Quote these lines exactly: the one that holds "<S15-040> OKINAWA Skirt Long" and every line after it to the end of the material below. Skip pictures.

DATA ▸
──────
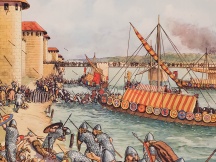 The Viking siege of Paris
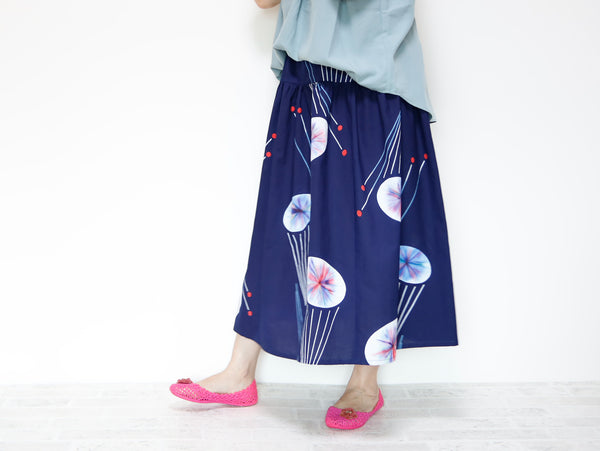 <S15-040> OKINAWA Skirt Long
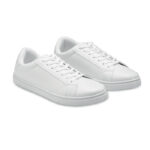Sneakers aus PU Gr. 44 als Werbeartikel mit Logodruck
──────
REPLY ▸
 <S15-040> OKINAWA Skirt Long
Sneakers aus PU Gr. 44 als Werbeartikel mit Logodruck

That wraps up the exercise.